First Author  Khanna R Year  2012
Journal  PLoS One Volume  7
Issue  7 Pages  e40776
PubMed ID  22815812 Mgi Jnum  J:189616
Mgi Id  MGI:5446562 Doi  10.1371/journal.pone.0040776
Citation  Khanna R, et al. (2012) The pharmacological chaperone AT2220 increases recombinant human acid alpha-glucosidase uptake and glycogen reduction in a mouse model of Pompe disease. PLoS One 7(7):e40776
abstractText  Pompe disease is an inherited lysosomal storage disease that results from a deficiency in the enzyme acid alpha-glucosidase (GAA), and is characterized by progressive accumulation of lysosomal glycogen primarily in heart and skeletal muscles. Recombinant human GAA (rhGAA) is the only approved enzyme replacement therapy (ERT) available for the treatment of Pompe disease. Although rhGAA has been shown to slow disease progression and improve some of the pathophysiogical manifestations, the infused enzyme tends to be unstable at neutral pH and body temperature, shows low uptake into some key target tissues, and may elicit immune responses that adversely affect tolerability and efficacy. We hypothesized that co-administration of the orally-available, small molecule pharmacological chaperone AT2220 (1-deoxynojirimycin hydrochloride, duvoglustat hydrochloride) may improve the pharmacological properties of rhGAA via binding and stabilization.
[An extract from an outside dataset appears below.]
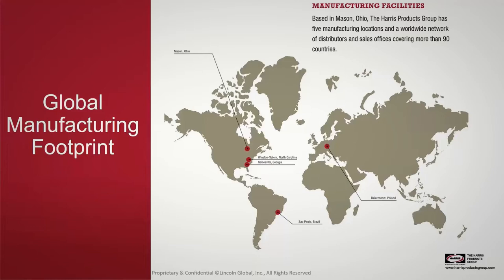In Winston-Salem, we manufacture solder, mostly consumed in the plumbing space. Several years ago we acquired the soldering business from Worthington and moved all soldering manufacturing there. All of our regulators and equipment are made in Gainesville, Georgia, and we have locations in Poland and Brazil to serve global markets. We also just made a recent acquisition within the past 30 days of a manufacturing facility in Portugal, and we're excited to have that team on board.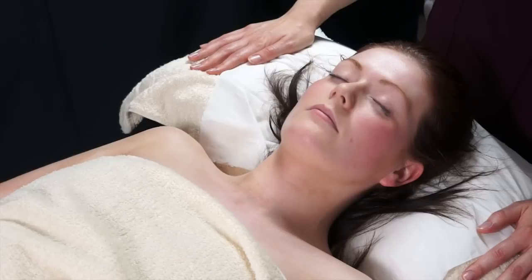Once your client is finished, you can sit them up, get them a glass of water, and give them the correct aftercare and homecare advice.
AT2220 co-incubation prevented rhGAA denaturation and loss of activity in vitro at neutral pH and 37 degrees C in both buffer and blood. In addition, oral pre-administration of AT2220 to rats led to a greater than two-fold increase in the circulating half-life of intravenous rhGAA. Importantly, co-administration of AT2220 and rhGAA to GAA knock-out (KO) mice resulted in significantly greater rhGAA levels in plasma, and greater uptake and glycogen reduction in heart and skeletal muscles, compared to administration of rhGAA alone. Collectively, these preclinical data highlight the potentially beneficial effects of AT2220 on rhGAA in vitro and in vivo. As such, a Phase 2 clinical study has been initiated to investigate the effects of co-administered AT2220 on rhGAA in Pompe patients.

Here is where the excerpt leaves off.